=== GIVEN MATERIAL ===
- Opening Delimiter -

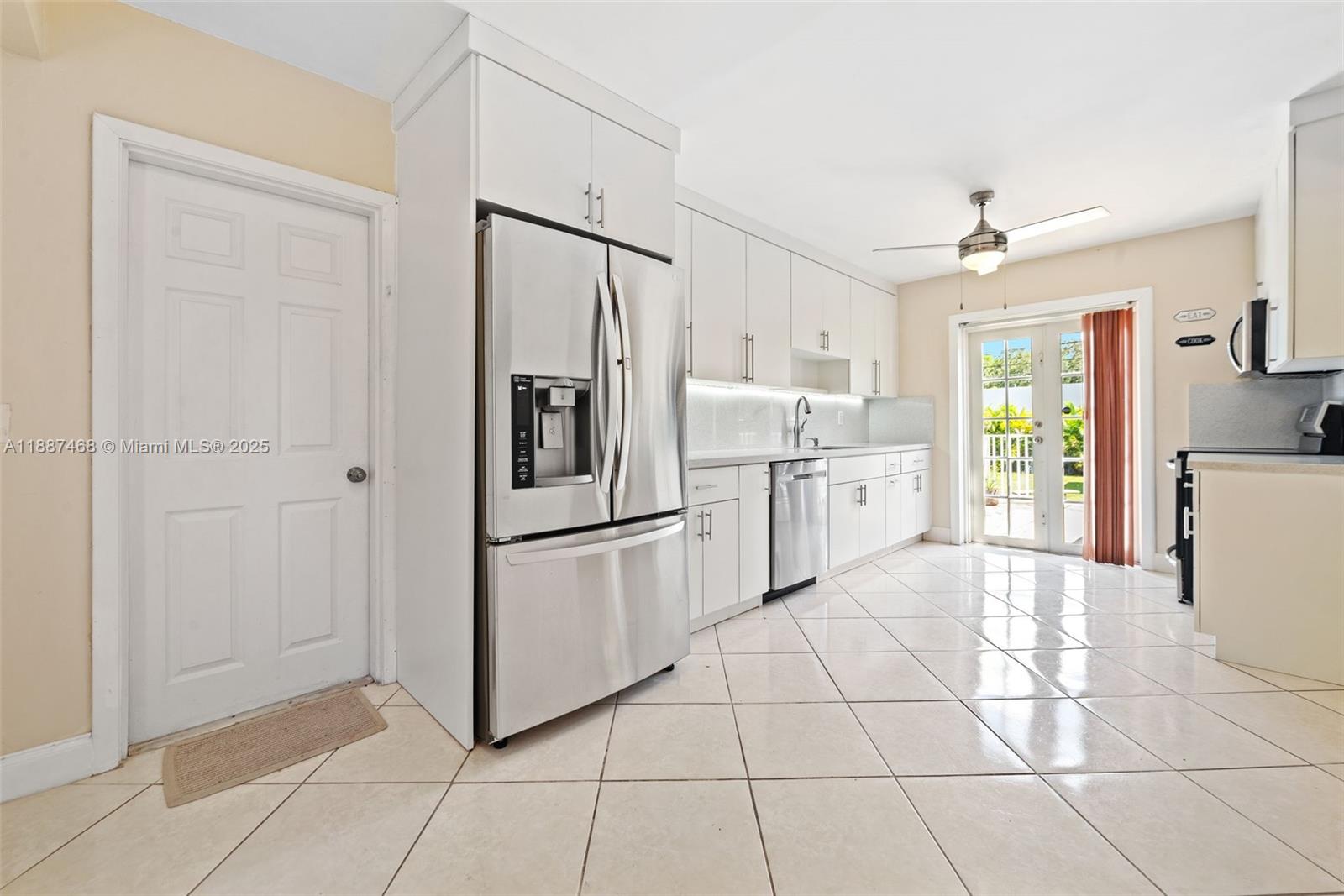 COUNTRY CLUB ESTATES SEC - Residential
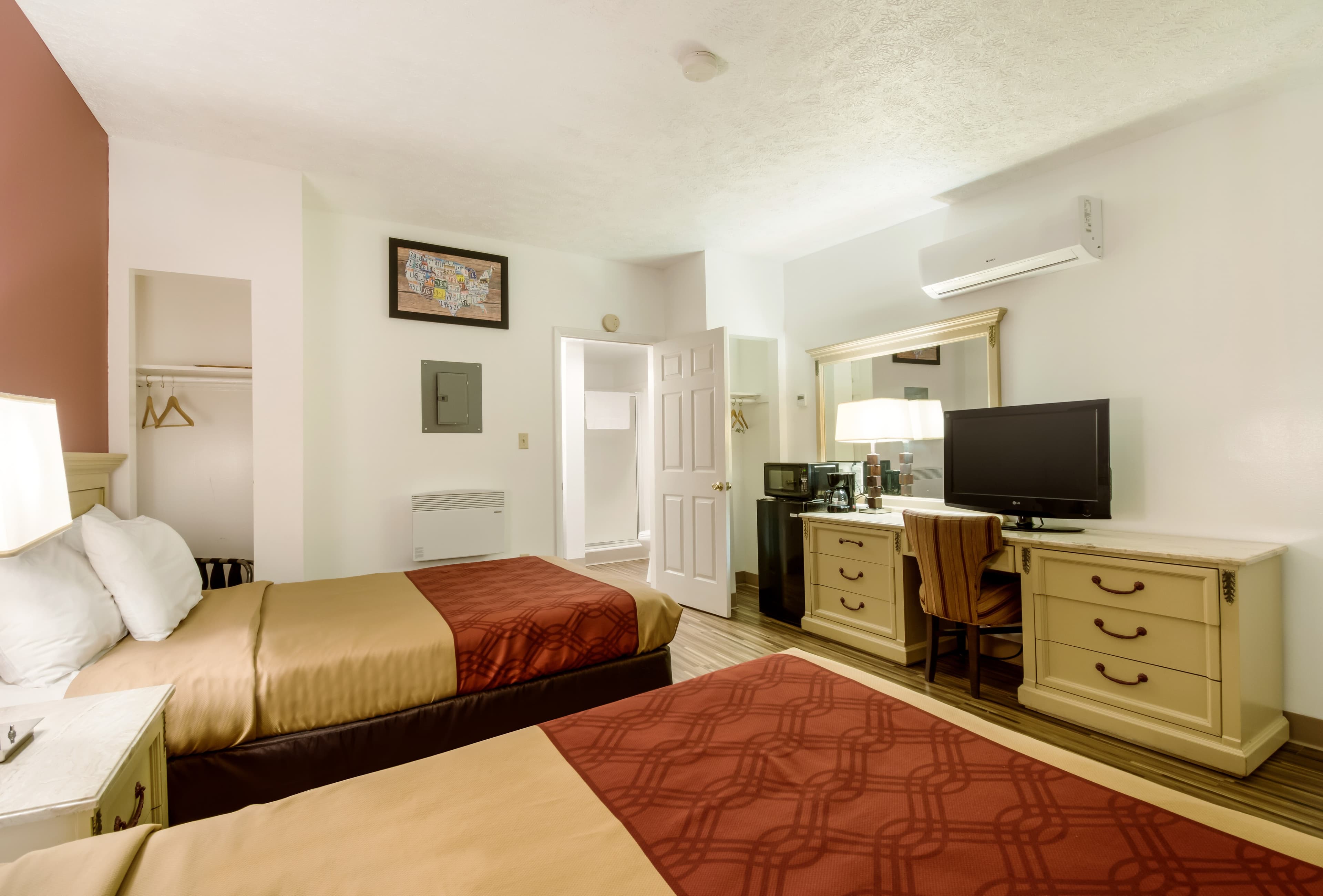 Econo Lodge Inn & Suites Lake Harmony - Pocono Mountains Area - Image 5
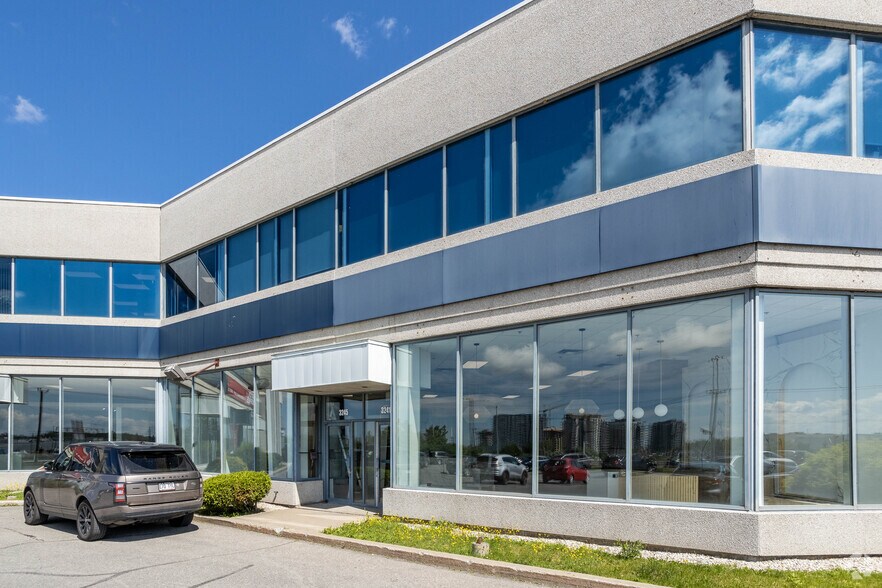 More Photos Of 3205-3273 Aut Jean-Noël-Lavoie, Laval General Retail For Lease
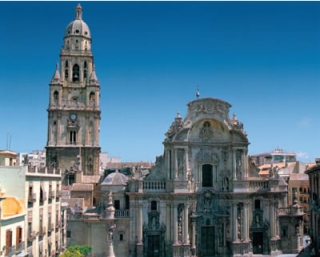 В популярной среди туристов Мурсии боятся повторных землетрясений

- Closing Delimiter -

=== ACTIVITY ===
Pictures aside, retype the material exactly.

=== RESPONSE AREA ===
 COUNTRY CLUB ESTATES SEC - Residential
 Econo Lodge Inn & Suites Lake Harmony - Pocono Mountains Area - Image 5
 More Photos Of 3205-3273 Aut Jean-Noël-Lavoie, Laval General Retail For Lease
 В популярной среди туристов Мурсии боятся повторных землетрясений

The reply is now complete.